General Considerations


Presenting symptoms in pediatric patients can range from the incidentally found tumor or lesion in the asymptomatic child to the child who presents in extremis with severe hemorrhage or cardiorespiratory collapse from parenchymal or mediastinal compression or invasion. The size, location, number, degree of vascularity, specific tracheobronchial anatomic location, associated organ (heart, great vessels) or structure (trachea) involvement (directly or indirectly), and malignant potential all are factors known to influence the precise constellation of presenting symptoms.
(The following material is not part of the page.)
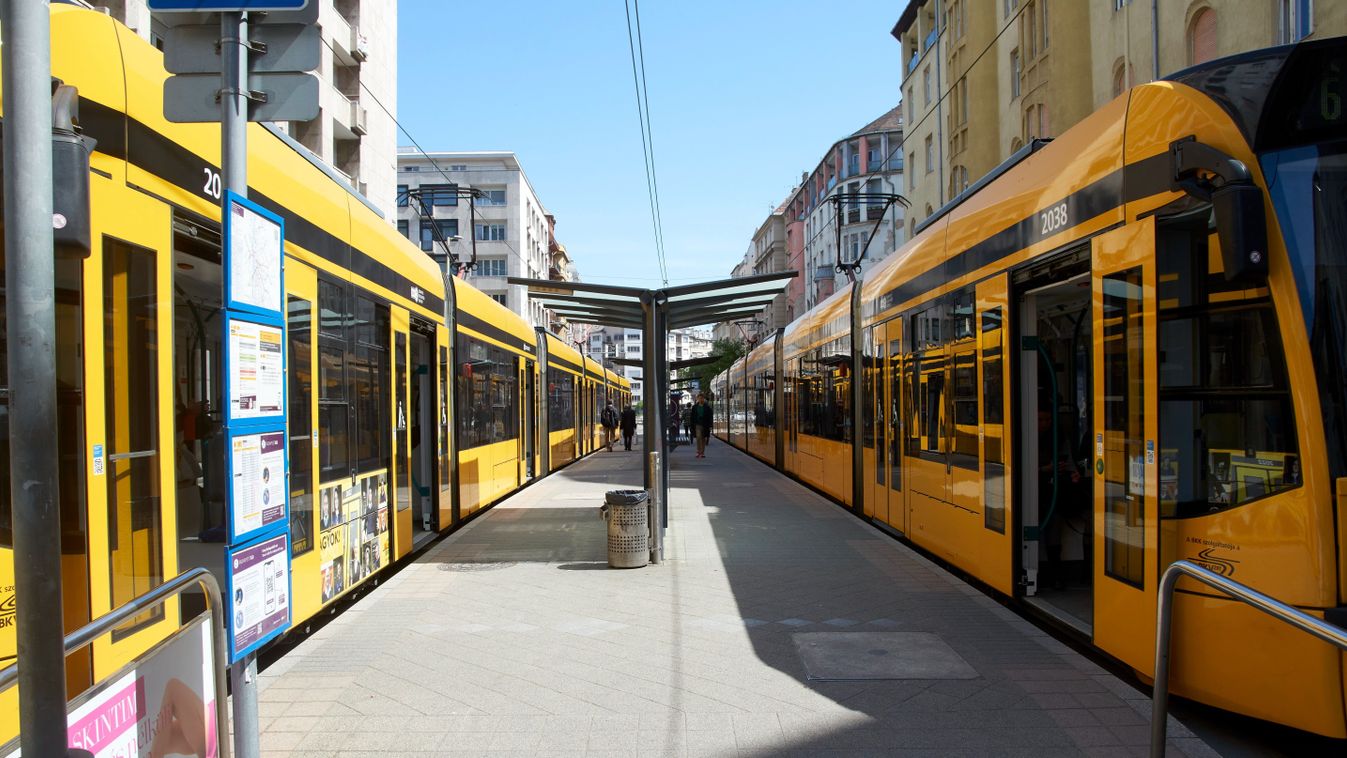 Közelekdés - Budapest - Villamosforgalom a Margit körúton
Róka László/Budapest, 2023. május 1.A Budapesti Közlekedési Központ (BKK) 4-es 6-os vonalán közlekedõ Siemens Combino Supra villamosok a Margit körút Mechwart liget megállójában.MTVA/Bizományosi:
Patients presenting with benign tumors are most commonly asymptomatic (24%).3,4 However, when patients with benign tumors do present with symptoms, fever, cough, and pneumonitis have been documented to have the highest reported frequency (~10%) in this cohort. Those pediatric patients who are found to have metastatic lung cancers are also most commonly asymptomatic, as these lesions are generally small, numerous, and peripherally located on staging studies. Seldom does the child with pulmonary metastases present with pulmonary symptoms as the initial physical complaint. Primary malignant tumors in children generally do present with symptoms, however, and two large series found only 6% of children were asymptomatic upon presentation.3,4 In fact, these reports document that one-third of patients present with a refractory cough, and a not so insignificant number (10%–25% per symptom) also present with evidence of fever, pneumonitis, respiratory distress, or hemoptysis.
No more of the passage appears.